Au printemps 2018 l’actuel Président de la République fraîchement élu déclarait : “Au fond nous sommes le seul pays de la Francophonie qui ne vit qu’en français… Il n’y a que les Français qui n’ont que le français…” (Lire aussi Le Président se trompe, Enbata N°2334 de juin 2018).
Le Président Macron serait-il donc, comme ses principaux opposants, Marine Le Pen et Jean-Luc Mélanchon, un fidèle héritier des pères fondateurs du monolithisme français qui, sous la Terreur de 1793 et 1794, décrétèrent l’éradication des “langues de France” autres que le français ?
Ils n’eurent pas le temps d’arriver à leurs fins, mais il reste d’eux des lois négatives, qui servent de temps en temps et surtout cette volonté de corseter la France dans la langue unique : d’abord langue du Roy, puis langue de la République.
Ce projet ethnocide n’a jamais été renié ni aboli par leurs successeurs républicains, monarchistes ou napoléoniens : à travers tous les régimes politiques, les gouvernements français successifs de diverses obédiences ont gardé ce cap négatif dans leurs paroles comme dans leurs actes, jusqu’à une période récente.
Pour les paroles nous disposons d’un florilège impressionnant de propos ethnocides. En voici quelques échantillons.
Le 8 décembre 1792, le député Lauthemas déclare à l’Assemblée nationale : “Partout où les communications sont gênées par les idiomes particuliers, qui n’ont aucune espèce d’illustration et ne sont qu’un reste de barbarie des siècles passés, on s’empressera de prendre tous les moyens nécessaires pour les faire disparaître le plus tôt possible”.
Le 30 septembre 1793 l’abbé Grégoire, député de la Convention, propose au Comité de l’Instruction publique “d’extirper cette diversité d’idiomes grossiers, qui prolongent l’enfance de la raison et la vieillesse des préjugés.”
Et le 4 juin 1794 il présente à l’Assemblée un rapport “sur la nécessité et les moyens d’anéantir les patois et d’universaliser l’usage de la langue française”, pour “uniformer le langage d’une grande nation”.
Le 27 janvier 1794, le député Barère : “Nous avons révolutionné le gouvernement, les moeurs, la pensée, révolutionnons aussi la langue ; le fédéralisme et la superstition parlent bas-breton ; l’émigration et la haine de la République parlent allemand ; la contre-révolution parle italien ; le fanatisme parle basque. Cassons ces instruments de dommage et d’erreur.”
En 1833 sous le règne de Louis-Philippe le ministre de l’éducation nationale Guizot impose par la loi le monopole du français dans l’enseignement primaire. La même année l’inspecteur du canton de Mauléon : “J’ai exigé des instituteurs l’abolition entière de l’usage de la langue basque en classe. Je leur ai également recommandé d’abandonner entièrement la pratique de la lecture en basque, suivie dans tous les temps dans leurs écoles.”

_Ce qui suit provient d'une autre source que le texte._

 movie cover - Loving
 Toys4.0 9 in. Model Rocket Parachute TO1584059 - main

En 1846, dans les écoles de Saint-Palais, il est interdit “de proférer aucune parole grossière comme aussi de parler basque –même pendant les récréations.” Toujours en 1846 le préfet des Basses-Pyrénées : “Nos écoles au Pays Basque ont particulièrement pour objet de substituer la langue française au basque.” Vous avez bien lu : il ne s’agit pas d’ajouter le français à la “langue régionale”, mais de l’imposer à sa place en éliminant cette dernière.

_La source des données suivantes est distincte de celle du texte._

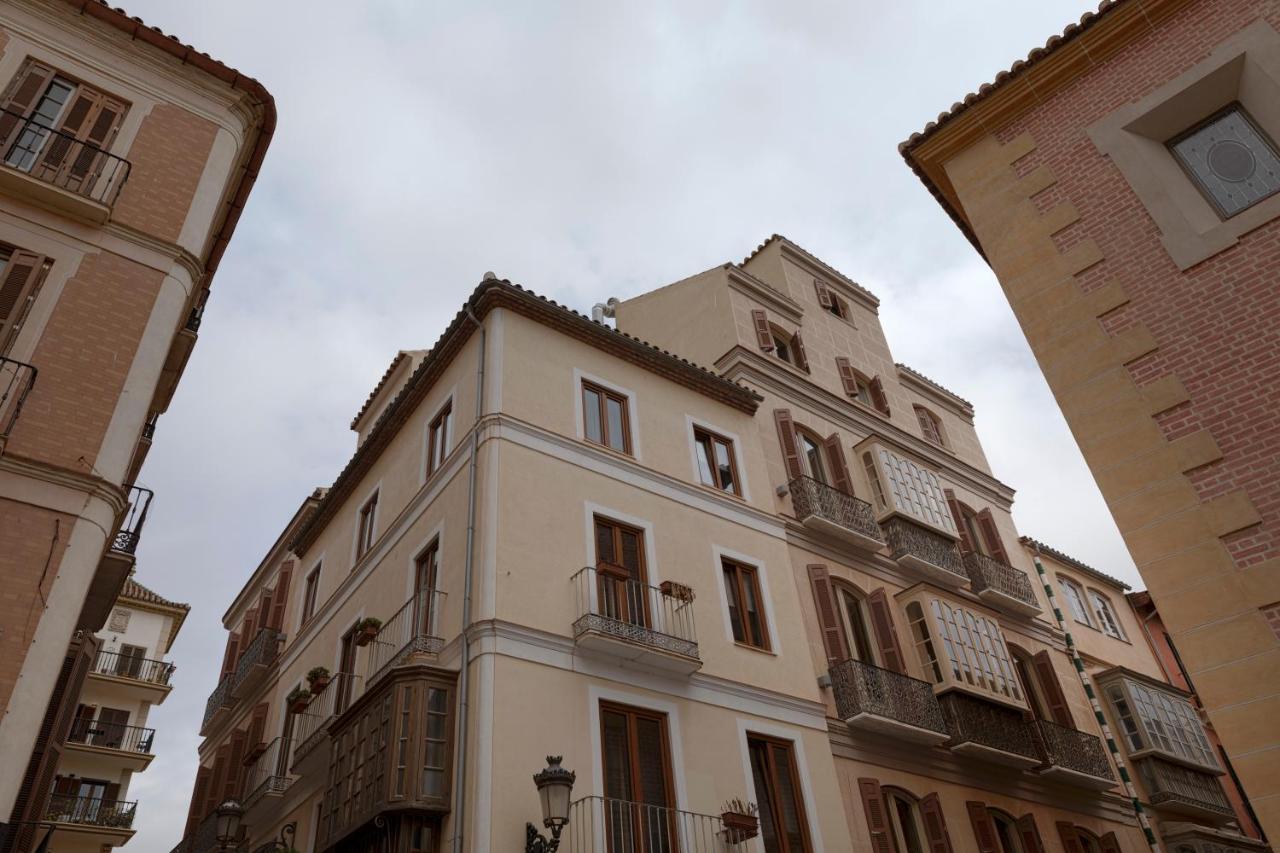 Suncity Boho Suite Loft Màlaga Exteriér fotografie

Vers la fin du XXe siècle, sous la pression conjuguée de l’Europe et de l’enseignement des “langues régionales” par immersion dans des écoles privées mais laïques, l’état français a sensiblement assoupli sa ligne linguistique en faisant une certaine place à ces langues. Mais voici que la méthode immersive est remise en question par certains propos de ministres, notamment ceux de l’éducation.
Devant le tollé soulevé en Bretagne, il a recadré sa déclaration dans un sens apaisant, sinon rassurant.
Plus menaçante encore la petite phrase assénée par la ministre de la cohésion des territoires sur l’inconstitutionnalité de l’enseignement par immersion de ces langues dans l’école publique, donc aussi, je présume, dans l’enseignement privé sous contrat qui est soumis aux mêmes règles. Or l’on sait que seule l’immersion permet aux élèves de s’exprimer également dans les deux langues.
Restons donc vigilants pour résister par tous les moyens pacifiques à toute agression.